◆ **WHAT TO PRODUCE**:
Write out all the entries word for word and omit any pictures.

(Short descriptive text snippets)
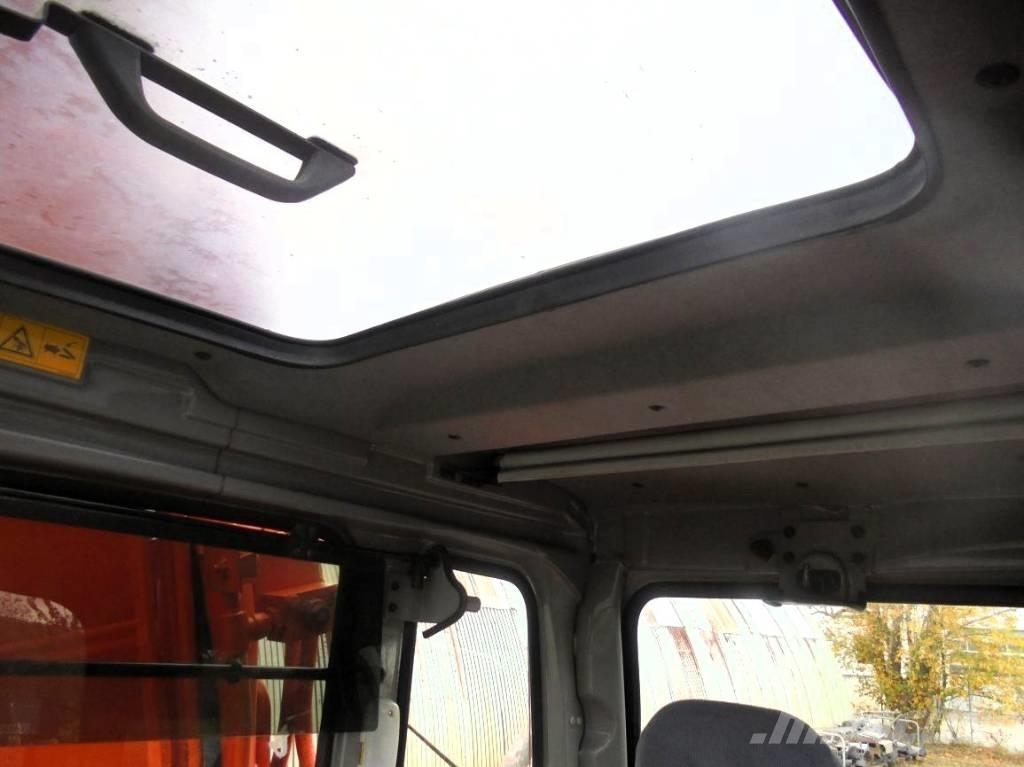Hitachi ZX 130 حفارات زحافة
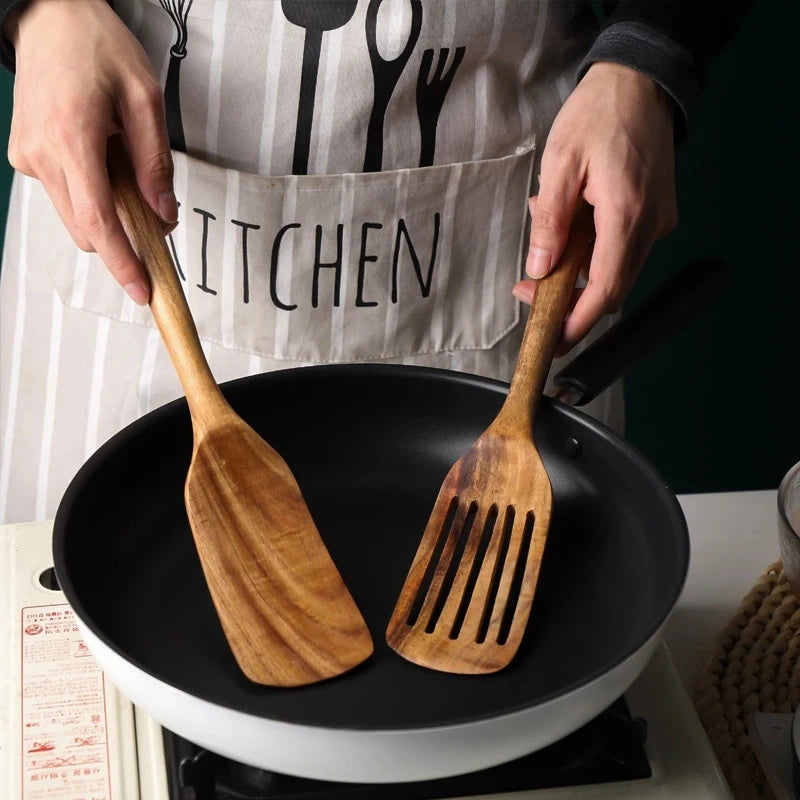 Set Da 5 Pezzi Di Spatole Scanalate In Teak Naturale Per Mescolare Utensili Da Cucina In Legno Resistente Al Calore
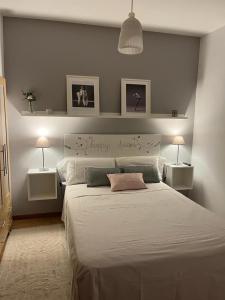 シエラネバダにあるApartamentos Como en Casa - SN - Indaloのベッドルーム(白い大型ベッド、ランプ2つ付)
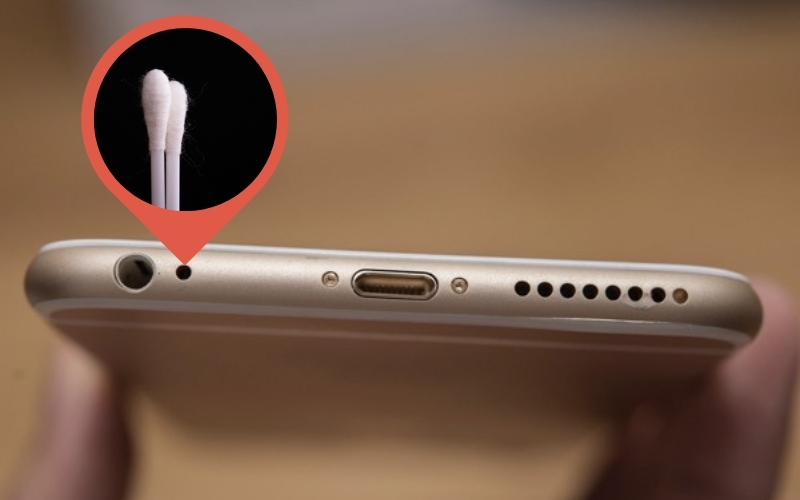 D&ugrave;ng tăm b&ocirc;ng cỡ nhỏ để vệ sinh mic điện thoại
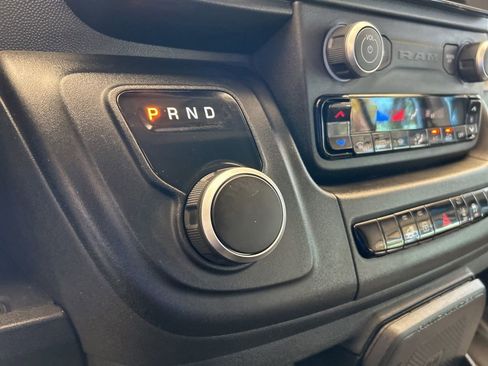 Used 2024 RAM ProMaster 3500 w/ Delivery Van Package image 8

◆ **WRITTEN ANSWER**:
Hitachi ZX 130 حفارات زحافة
 Set Da 5 Pezzi Di Spatole Scanalate In Teak Naturale Per Mescolare Utensili Da Cucina In Legno Resistente Al Calore
 シエラネバダにあるApartamentos Como en Casa - SN - Indaloのベッドルーム(白い大型ベッド、ランプ2つ付)
 D&ugrave;ng tăm b&ocirc;ng cỡ nhỏ để vệ sinh mic điện thoại
 Used 2024 RAM ProMaster 3500 w/ Delivery Van Package image 8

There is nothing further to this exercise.